■ Problem requirements
Transcribe exactly, and only, the lines that fall between the line containing "Psychonaut Swag Dad" and the last line of the material, both ends included, omitting any pictures.

==================================================

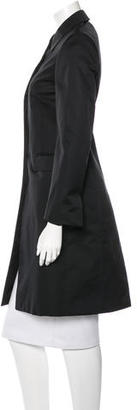 Prada Wool & Silk Knee-Length Coat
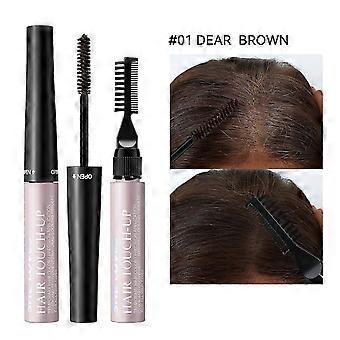 Grijsdekking, haarlijnkleur, tijdelijke mascara, haarlijn camoufleren, haarlijnkleurstift, hulpmiddel voor het bedekken van grijs haar, sterk gepigmenteerd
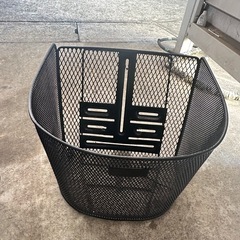 バイクつけるカゴの画像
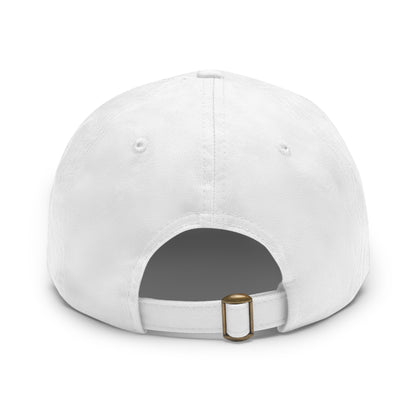 Psychonaut Swag Dad Hat with Leather Patch, Casual Cap for Outdoor Adventures, Fun Gift for Dads, Unique Street Style Hat - Psychonaut Swag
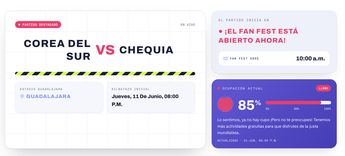 El sitio web que mide el aforo del Fan Fest falló según reportes de assitentes. | SS Gobierno de Guadalajara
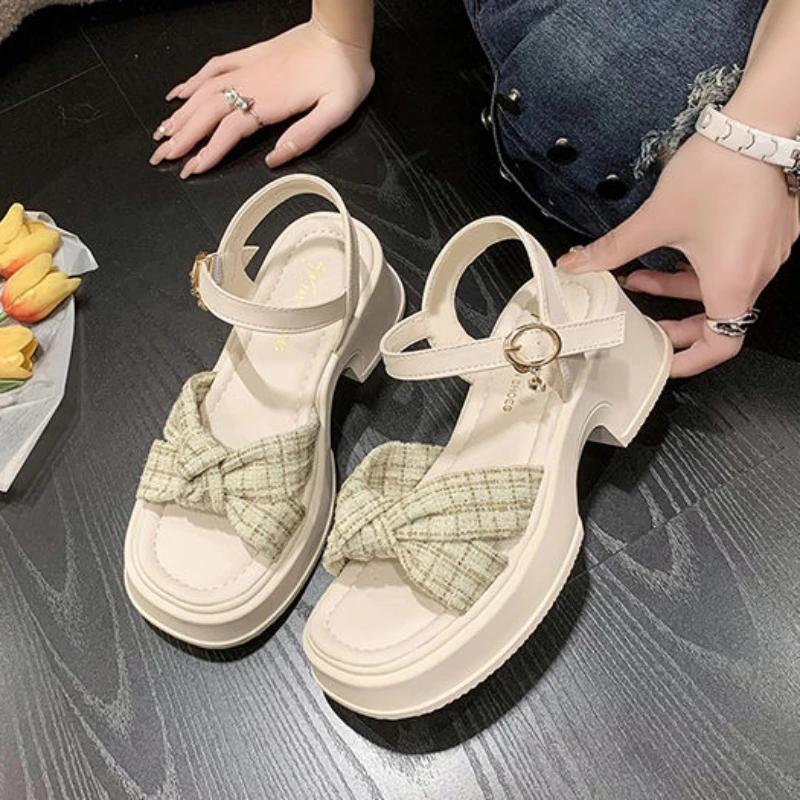 Summer Women Sandals Fairy Style Fashion Roman Lady Flat Shoes Comfortable Platform Sandals Fairy Style Improve Fashion Shoes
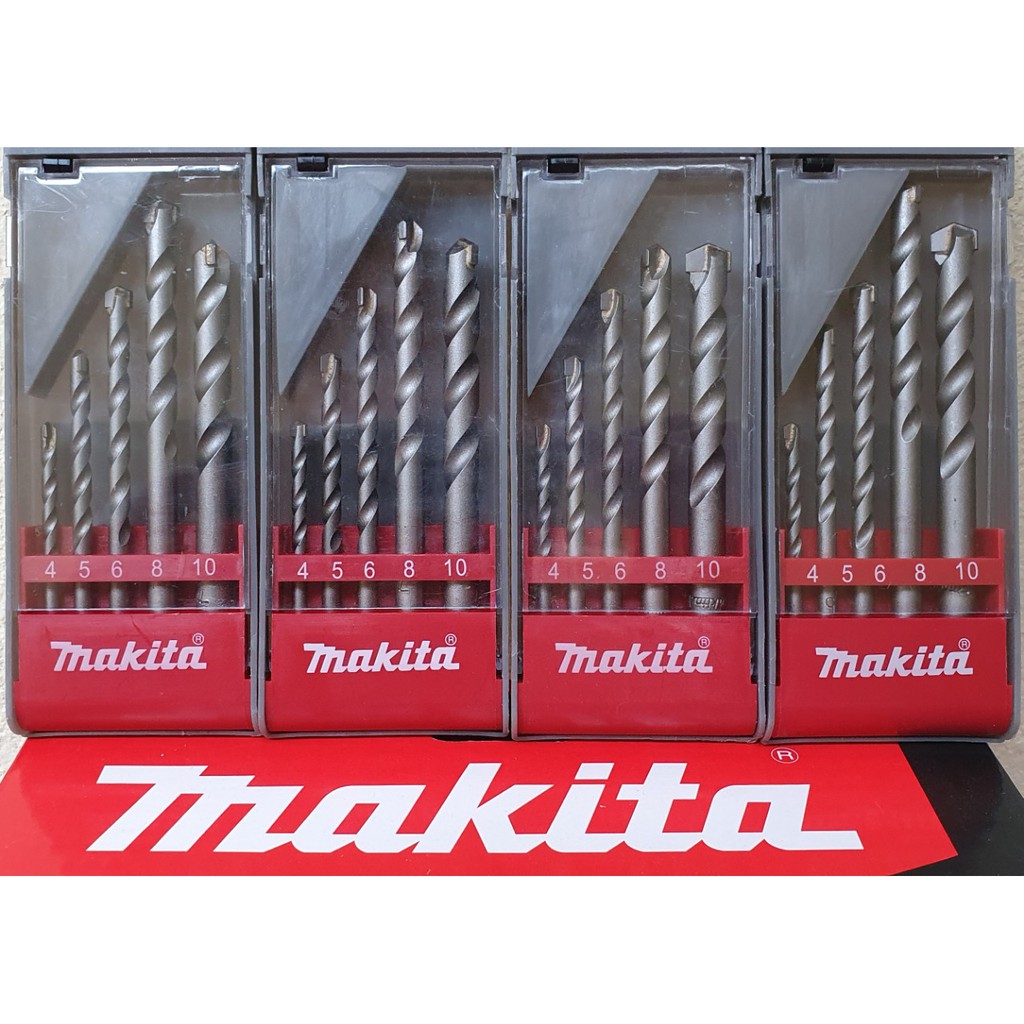 Bộ 5 mũi khoan tường đuôi tròn trơn Makita chính hãng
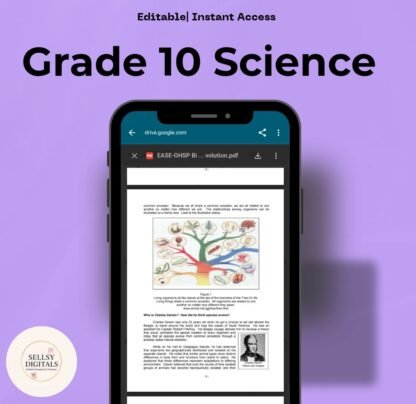 Grade 10 Science Files |Sellsydigitals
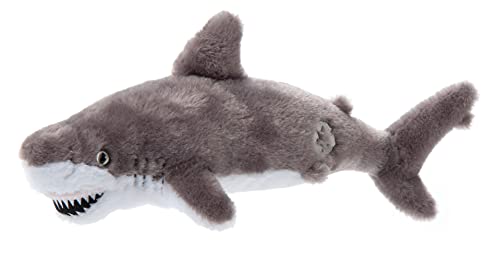 The Petting Zoo Great White Shark Stuffed Animal Plushie, Gifts for Kids, Wild Onez Ocean Animals, Shark Plush Toy 16 inches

==================================================

■ Result of the exercise
 Psychonaut Swag Dad Hat with Leather Patch, Casual Cap for Outdoor Adventures, Fun Gift for Dads, Unique Street Style Hat - Psychonaut Swag
 El sitio web que mide el aforo del Fan Fest falló según reportes de assitentes. | SS Gobierno de Guadalajara
 Summer Women Sandals Fairy Style Fashion Roman Lady Flat Shoes Comfortable Platform Sandals Fairy Style Improve Fashion Shoes
 Bộ 5 mũi khoan tường đuôi tròn trơn Makita chính hãng
 Grade 10 Science Files |Sellsydigitals
 The Petting Zoo Great White Shark Stuffed Animal Plushie, Gifts for Kids, Wild Onez Ocean Animals, Shark Plush Toy 16 inches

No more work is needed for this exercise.